In the labor history of the Caribbean, Cuba presented a unique situation in the second half of the nineteenth century, when 125,000 male Chinese laborers under 8-year contracts were brought into the Spanish island colony to work alongside a dwindling population of enslaved African men and women on the flourishing sugar plantations. Nowhere else in world history were indentured Asian--all men--and enslaved Africans, men and women, co-workers in the same space and time. This unprecedented labor population raises several questions regarding race, class, and gender: Were the Chinese black or white, slave or free?
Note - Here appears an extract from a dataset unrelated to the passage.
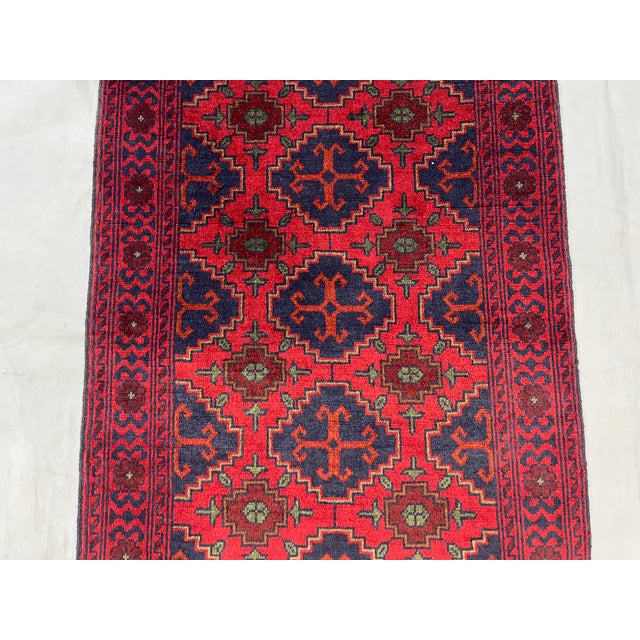 Red & Navy Blue Geometric Tribal Wool Runner Rug, 2'7" X 12'6" For Sale - Image 6 of 13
How did the absence of Chinese women affect race relations between Asians and Africans? Exploring these questions sheds light on the key one: did the Chinese coolies constitute slaves like their African co-workers and hence extend slavery in Cuba, or did they make the transition to freedom, thereby hastening that transition for enslaved Africans?
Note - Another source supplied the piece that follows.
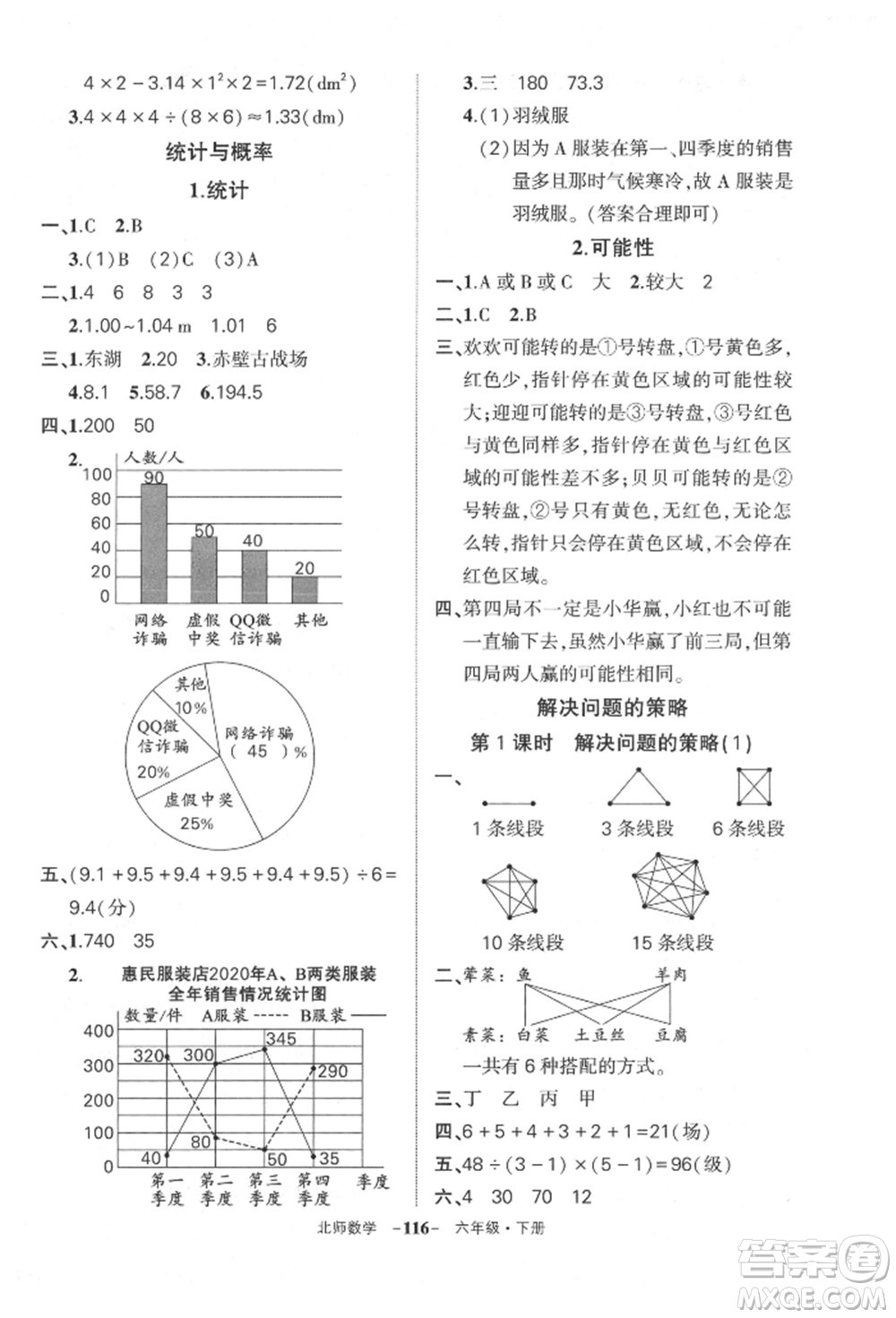 西安出版社2022狀元成才路創(chuàng)優(yōu)作業(yè)100分六年級(jí)下冊(cè)數(shù)學(xué)北師大版參考答案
Mimian Hsu (Artist, Costa Rica)
Title: How Can I Ask Questions From Afar?
I’m interested in researching and working with the place in the world where I belong. Being a daughter of Taiwanese immigrants in Costa Rica has shaped who I am and how I exist. There is a weaving of understandings, sensations, desires, and stories of different places that results in a nuanced way of thinking and feeling. The place where I live brings me an opportunity to ask questions and find answers about placemaking in the world that surrounds me. This diasporic experience has opened possibilities through syncretic practices where my ancestral, cultural and spiritual life can shuffle between different worlds, where the visual narratives and languages are constantly code switching, where the personal can address broader socio-political and historical issues, and where I am able to ask questions that seem like answers and find answers that pose new questions.
Scott Ting-A-Kee (Poet, novelist, and teacher, Guyana)
Presentation Title: Indentureship, Migration and the Chinese Identity: A Comparison of the Chinese Guyanese and Chinese American Experience in Shinebourne’s The Last Ship and Yang’s American Born Chinese
In this paper, the concept of pure Chineseness, the importance of traditions and personal, reconstructed histories will be explored in Shineboure’s prose fiction work, The Last Ship, and Yang’s graphic novel, American Born Chinese. Migration affects the construction of Chineseness and challenges the concept of purity and coerces the creation of an identity and sense of self that balances and mitigates the seemingly conflicting Chinese and European identities. Shinebourne’s The Last Ship traverses the struggles with Chineseness and cultural acceptance for three generations. Yang’s American Born Chinese, on the other hand, explores the migratory experience of Jin Wang’s family in America.
Dr. Hannah Lowe (Professor, Creative Writing, Brunel University, UK)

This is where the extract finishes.